RESEARCH LOOKS AT TRENDS, BARRIERS AND SUCCESS FACTORS IN ADOPTION The Roundtable (Volume 23, Issue 1), published by the National Child Welfare Resource Center for Adoption, offers a summary of national AFCARS data on adoption trends, as well as the highlights of a study on barriers and success factors in adoptions from foster care. "A New Look at the Role of ASFA and Children's Ages in Adoption," by Penny Maza, reports that the average time from removal to termination of parental rights has declined by 14 months, and the time from removal to adoption has declined by almost a year since the passage of ASFA. Although there was an increase in the number of adoptions from FY 1997 to FY2000 (31,000 to 51,000), the number has leveled off in subsequent years.

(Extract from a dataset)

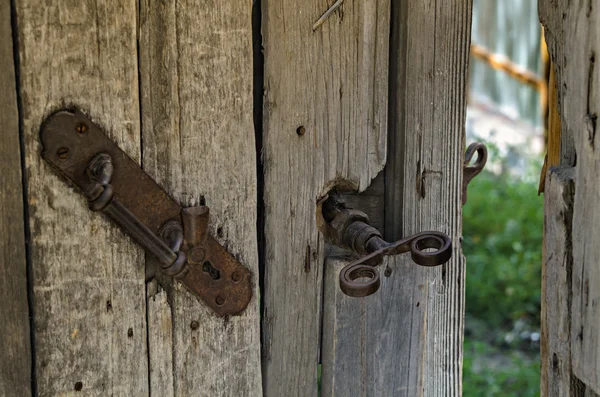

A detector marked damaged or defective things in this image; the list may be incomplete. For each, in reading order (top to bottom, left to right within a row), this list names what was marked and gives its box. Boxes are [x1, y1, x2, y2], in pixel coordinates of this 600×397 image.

rusty bolt latch [39, 108, 251, 316]
corroded metal ring [338, 262, 380, 296]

"Barriers and Success Factors in Adoptions from Foster Care: Perspectives of Families and Staff," by Ruth McRoy (an Institute Senior Research Fellow), describes primary findings of two studies on the process of adopting a child from the child welfare system. Primary barriers to adoption identified by families included agency communication and responsiveness, emotional support and interjurisdictional issues. Staff identified an inadequate pool of families and the lack of post-adoption services as barriers. Success in finalizing adoptions was associated with parental commitment, child progress, parent-child bonding, and realistic expectations and parental preparation for children with special needs. To access summaries of these reports, go to:
NACAC SUGGESTS USING INCENTIVE AWARDS FOR POST-ADOPTION SERVICES
The Summer issue of Adoptalk, published by the North American Council on Adoptable Children, contains an article by Executive Director Joe Kroll and Diane Riggs, "Fund Post-Adoption Services with Adoption Incentive Awards." They recommend that states' increased opportunities to earn more adoption incentive funds (provided by the Fostering Connections to Success and Increasing Adoptions Act of 2008 and a $36.5 million appropriation) be maximized, and that these awards be designated for post-adoption services. Strategies for accomplishing these goals are discussed. To access the article, go to: http://www.nacac.org/adoptalk/incentivepost-adopt.html.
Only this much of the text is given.